Der pensionierte Boeing-Manager Bill Mackin saß zur gleichen Zeit in der Kabine und beobachtete, wie die Passagiere sich auf einen drohenden Absturz vorbereiteten, während der Kapitän über den Bordlautsprecher die Notlandung in Sioux City, Iowa, ankündigte: "Ich will Ihnen nichts vormachen, es wird hart werden", kündigte Al Haynes an. "Ja, es wird sogar viel härter als hart werden." Zwar gelang es den Piloten noch, vor der Landung das Fahrwerk auszufahren. Die Maschine war jedoch mit einer Geschwindigkeit von 550 Metern in der Minute viel zu schnell und krachte mit dem rechten Flügel auf die Landebahn, bevor das Fahrwerk sich in den Beton wühlte.
Die Nase schlug auf, Heckteil und Cockpit brachen weg, während das Mittelstück sich mehrmals überschlug und nach einem Kilometer zum Liegen kam. Das Cockpit war so komplett zerstört, dass man den Kapitän, seinen ersten Offizier und die beiden anderen Piloten erst nach einer halben Stunde entdeckte. Sie überlebten wie durch ein Wunder. Auch von den 296 Passagieren kamen 184 mit dem Leben davon - einige von ihnen sogar unverletzt.

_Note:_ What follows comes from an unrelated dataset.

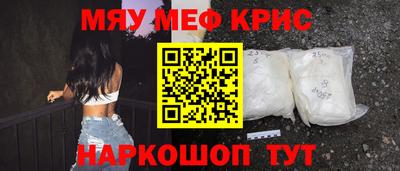 эйфоретик Комсомольск-на-Амуре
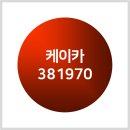 유한회사 케이컴퍼니 이미지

Bob Macintosh vom National Transportation Safety Board (NSTB) leitete die Unfallermittlungen. Seine Mitarbeiter durchstreiften die endlosen Maisfelder Iowas auf der Suche nach den kilometerweit verstreuten Wrackteilen. Ein Farmer fand schließlich den Schlüssel zur Unfallursache in seinem Feld: Die 150 Kilogramm schwere Rotorscheibe des Hecktriebwerks aus Titan. Das Herzstück des Triebwerks 2 war mit einem Kranz aus Rotorblättern versehen, von denen eines offenbar brach. Die Scheibe löste sich und zerfetzte die Hydraulikleitungen, woraufhin das Flugzeug manövrierunfähig wurde. Die so genannte fraktographische Untersuchung des Materials ergab, dass ein Sandkorn-großer Hohlraum unter der Titan-Oberfläche für den Metallbruch verantwortlich gewesen war. Ein während der Herstellung entstandener Materialfehler war also die Unfallursache, auch wenn die Anomalien gegebenenfalls bei Inspektion und Wartung hätten erkannt werden können.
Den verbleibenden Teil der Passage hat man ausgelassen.